İğrenç, bugün limonlar ekşi.

Ağlıyor, limon ağacında limon meyvesi, limon ağacının altında bir tek ben varım.

"Şimdi yukarı çıkıp güvenli olup olmadığına bakacağım."

Ağaca tırmanma süreci, yan taraftaki ağacın gücü sayesinde çok zor olmadı.
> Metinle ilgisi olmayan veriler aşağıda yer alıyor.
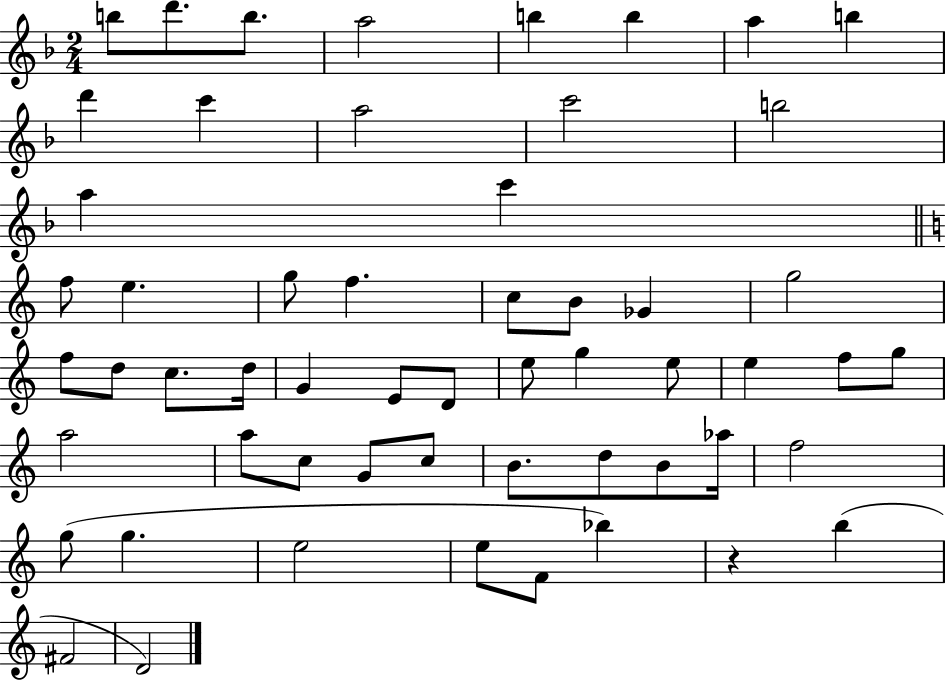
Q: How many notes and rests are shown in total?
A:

"Çok sert değil, düşeceğini sanmıyorum."

"Sadece yeterince sarmaşık yok ve kesinlikle ters dönmek mümkün değil, bir kez ters döndüğünüzde doğrudan yerde uyursunuz."

Michael bunu söyledikten sonra çevik bir hareketle sarmaşıklardan aşağı atladı.

Yerdeki taşları temizledi, sonra kenardaki dökülmüş yaprakları asmanın altına topladı ve ardından uyku tulumunu açıp asmanın altına serdi.

Bu şekilde, düşse bile zarar görmeyecekti.



Buraya konulacak sınırlı bölümler var, devam etmek için aşağıdaki düğmeye tıklayın "Vahşi Doğada Yeniden Doğuş"

(Uygulamayı açtığınızda otomatik olarak kitaba geçer).